Fairness is a question, too, when you realize that it is only businesses which sell in the Washington market which pay the B&O. So suppliers to Company C which operate in Washington pay the B&O, but suppliers which operate in Oregon, or China, do not. Thus it is like a reverse tariff. It costs you more to operate inside the state than outside in terms of B&O. Theeffective B&O rate at WalMart is lower than at your neighborhood grocery or convenience store. The more home-grown your business, the higher B&O you pay.

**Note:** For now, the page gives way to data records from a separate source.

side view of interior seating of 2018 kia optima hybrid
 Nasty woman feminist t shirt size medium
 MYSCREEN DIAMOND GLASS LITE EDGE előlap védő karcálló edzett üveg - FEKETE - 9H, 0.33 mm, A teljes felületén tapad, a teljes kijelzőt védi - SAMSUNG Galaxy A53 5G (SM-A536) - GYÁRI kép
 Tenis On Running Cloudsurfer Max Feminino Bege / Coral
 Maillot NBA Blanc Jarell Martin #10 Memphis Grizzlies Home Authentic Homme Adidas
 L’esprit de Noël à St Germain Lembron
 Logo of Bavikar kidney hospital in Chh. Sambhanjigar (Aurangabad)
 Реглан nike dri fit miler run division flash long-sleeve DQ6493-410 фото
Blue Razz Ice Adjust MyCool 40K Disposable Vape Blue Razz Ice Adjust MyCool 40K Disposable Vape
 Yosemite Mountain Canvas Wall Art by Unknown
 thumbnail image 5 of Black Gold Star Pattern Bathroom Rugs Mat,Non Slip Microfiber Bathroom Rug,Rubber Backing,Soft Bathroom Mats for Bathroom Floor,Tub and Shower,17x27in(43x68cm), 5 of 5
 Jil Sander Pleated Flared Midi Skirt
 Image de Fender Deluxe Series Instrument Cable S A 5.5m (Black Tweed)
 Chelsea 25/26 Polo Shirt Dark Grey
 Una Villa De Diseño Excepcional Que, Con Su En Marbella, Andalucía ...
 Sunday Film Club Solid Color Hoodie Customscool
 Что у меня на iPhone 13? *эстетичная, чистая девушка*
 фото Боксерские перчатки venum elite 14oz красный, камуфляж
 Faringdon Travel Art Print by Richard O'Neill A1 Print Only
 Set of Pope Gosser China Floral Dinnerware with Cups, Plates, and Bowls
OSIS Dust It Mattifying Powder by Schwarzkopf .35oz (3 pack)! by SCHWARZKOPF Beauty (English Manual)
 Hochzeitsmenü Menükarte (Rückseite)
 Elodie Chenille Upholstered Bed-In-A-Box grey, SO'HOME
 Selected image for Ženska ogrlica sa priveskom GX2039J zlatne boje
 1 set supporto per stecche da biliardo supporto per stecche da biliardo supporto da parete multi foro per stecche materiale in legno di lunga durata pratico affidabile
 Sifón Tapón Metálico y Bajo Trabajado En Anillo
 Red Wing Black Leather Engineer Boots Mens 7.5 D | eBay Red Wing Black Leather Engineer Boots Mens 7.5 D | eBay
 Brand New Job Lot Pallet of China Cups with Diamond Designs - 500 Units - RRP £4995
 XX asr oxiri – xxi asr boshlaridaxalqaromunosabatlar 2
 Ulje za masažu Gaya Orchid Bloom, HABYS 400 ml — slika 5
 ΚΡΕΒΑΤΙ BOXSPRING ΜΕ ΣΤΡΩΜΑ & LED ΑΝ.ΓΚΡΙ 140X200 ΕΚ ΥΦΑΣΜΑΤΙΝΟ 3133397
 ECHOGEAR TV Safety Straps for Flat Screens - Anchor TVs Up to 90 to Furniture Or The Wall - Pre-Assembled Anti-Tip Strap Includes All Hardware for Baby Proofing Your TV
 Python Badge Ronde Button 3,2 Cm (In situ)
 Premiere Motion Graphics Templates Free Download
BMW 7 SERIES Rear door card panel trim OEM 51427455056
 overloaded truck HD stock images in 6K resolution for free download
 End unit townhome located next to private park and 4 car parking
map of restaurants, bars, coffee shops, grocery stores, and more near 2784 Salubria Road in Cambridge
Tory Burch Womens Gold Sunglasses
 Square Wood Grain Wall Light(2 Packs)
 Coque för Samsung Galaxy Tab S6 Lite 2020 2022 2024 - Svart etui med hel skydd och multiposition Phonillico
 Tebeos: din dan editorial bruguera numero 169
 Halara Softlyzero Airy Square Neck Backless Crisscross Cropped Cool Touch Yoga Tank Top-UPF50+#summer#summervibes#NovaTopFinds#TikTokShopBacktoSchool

As the economy goes up and down, the B&O does not go up and down so much, because of this taxation of embedded costs. It instead becomes more onerous. If a business needs to cut its prices to attract or retain customers, it must do so at the cost of returns to owners or workers. The tax does not go down proportionally to these returns, because it is still taxing the costs of inputs.
The current B&O is a bad tax. Why? Reason 3: Compliance
While the bookkeeping for the B&O may seem easy, some businesses have several operations going on, manufacturing , wholesaling, retailing under one operation. The revenue has to be divided between these categories and then the appropriate rate applied.
More burdensome, however, are the myriad of municipal B&O’s. Many cities impose B&O taxes that are not related to the state’s B&O, and these systems are all different from each other. So if you operate in several jurisdictions, your business has to figure out several tax returns. A simplified B&O at the state level could serve as the platform for these municipalities and greatly reduce compliance costs and avoidance.
The current B&O is a bad tax. Why? Reason 4: It does not generate enough revenue.
Because of the above limitations, the current B&O’s revenues cannot be raised without causing significant unfairness. Thus the rate cannot be adjusted because the burden is not shared equally, but in fact, falls heavier on the smaller and more stressed businesses. Further, it does not apply to all value added, but only to that from the private sector.